Frustrated by the stony resistance of the famous chief, fearful that he would prevent the Sioux from voting to concede the land, the commissioners resorted to intrigue. Working through Major James McLaughlin, director of the Standing Rock Agency, they singled out four susceptible chiefs, carefully keeping them apart from Sitting Bull until the moment of decision came. Through them, the commissioners tried to pressure the braves into yielding the necessary number of signatures—by treaty, three quarters of the total was required—before Sitting Bull could rally an opposition. Some of the Sioux, now dimly in touch with a money civilization, inflamed by the chance to buy the white man’s clothes, whiskey, and other goods, and above all hungry for better food, were pleased to barter their birthright. Others signed without understanding what they were doing. Still there were not enough signatures; and in a hurried, ambiguous procedure which McLaughlin later described evasively—and which many Indians were to call fraud—two hundred more signatures were quickly obtained.
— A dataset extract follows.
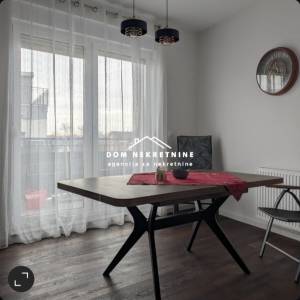 IZNAJMLJUJE SE TROSOBNI STAN U ZAGREBU ( BLATO )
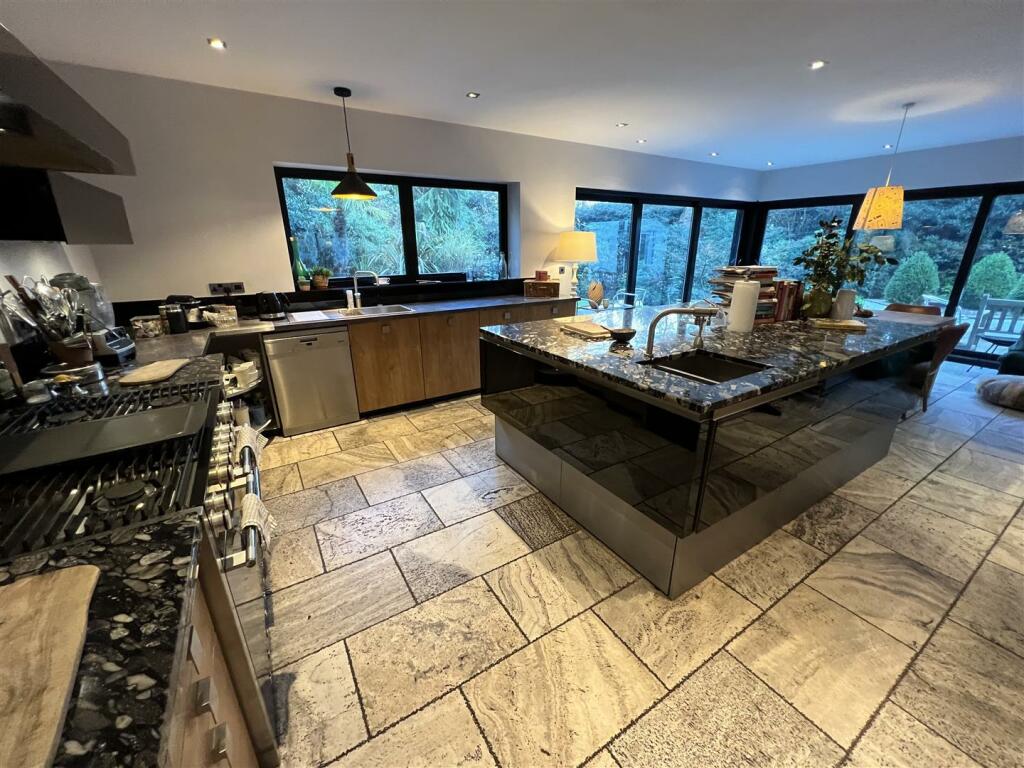 Additional image 11 of Tower Road North, Heswall, Wirral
It was announced that the deal had been completed. Sitting Bull felt betrayed: he had not even been allowed into the meeting where the last signatures were gathered. When asked how the Indians felt about the affair, he replied bitterly, “There are no Indians left now but me.”

Toward the end, nature itself seemed to join the forces closing in upon Sitting Bull and his Sioux. As they settled down to wait anxiously for their land money, the weeks passed; the months; the cruel winter of 1890 came, and the Indians were empty in stomach and pocket. In 1888 they had lost much of their crops because the commissioners kept them long in conference at harvesttime, while hungry stock broke into their fields; in 1889 and ’90, their land had withered in a terrible drought. The game animals, particularly the buffalo, had been irremediably depleted by white hunters, and the savage winter further reduced the short supply of game on the Sioux reservations in the Dakotas. Between 1886 and 1889 their promised supplementary meat ration had been cut by more than half, according to General J. R. Brooke, on the theory developed in Congress that a hungrier Indian would make a better farmer. In 1890, this shrunken version of an inadequate ration again was drastically cut when, in direct defiance of government regulations, winter-grazed cattle were supplied to the Dakotas. Winter cattle might weigh half as much as summer ones, and were mainly skin, bones, and hoofs. Starvation moved into the camps of the Sioux, an intimate enemy.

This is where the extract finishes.